Finally, we also need to acknowledge the aims and vision of our team. Are we simply trying to develop great people who love participating in their sport? Or are we in an environment where athletes are striving to optimise their development and reach the highest level possible? This will determine the extent to which we challenge the individuals we coach.

Part 2: Working with Athletes with Different Skill Levels at the Same Time

Consider Your Language and How We Treat Individuals

As coaches, we must be supportive, fair, and consistent in how we interact with athletes. A central component of this is treating everyone in our team equally, regardless of their perceived level of ability.
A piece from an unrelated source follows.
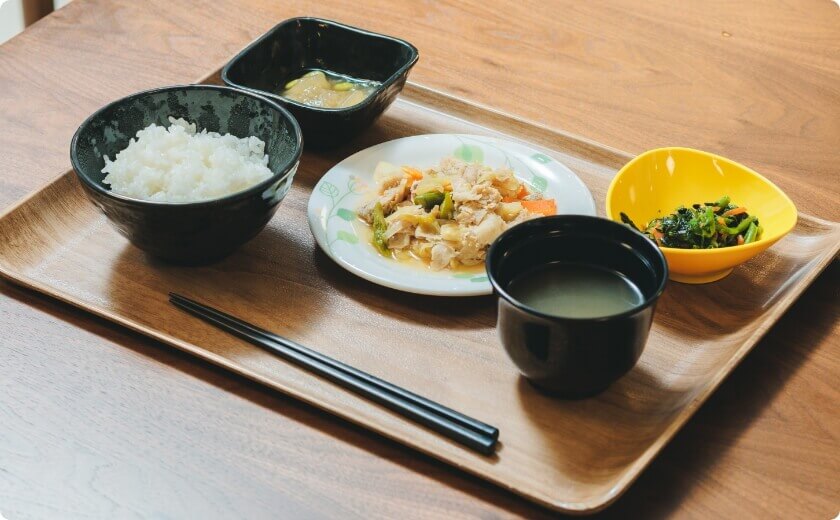 朝食・口腔ケア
Here, the language we use is crucial. We should be careful not to over-praise ‘more skillful’ athletes, both for their sake and that of their peers. A growing body of research suggests that excessive praise can be harmful for athletes, negatively affecting their motivation and sense of identity. Instead, positive affirmation — the act of acknowledging and affirming effort and intentions — is cited as a preferable alternative.

Furthermore, we should distribute our positive attention evenly across our team; allowing individuals to feel overlooked can also damage their motivation or self-esteem, and we don’t want our so-called ‘less skillful’ athletes to believe a certain level of skill or ability is unobtainable. Similarly, we want to discourage more skillful athletes from believing that their abilities are natural, and not something to be worked on and honed.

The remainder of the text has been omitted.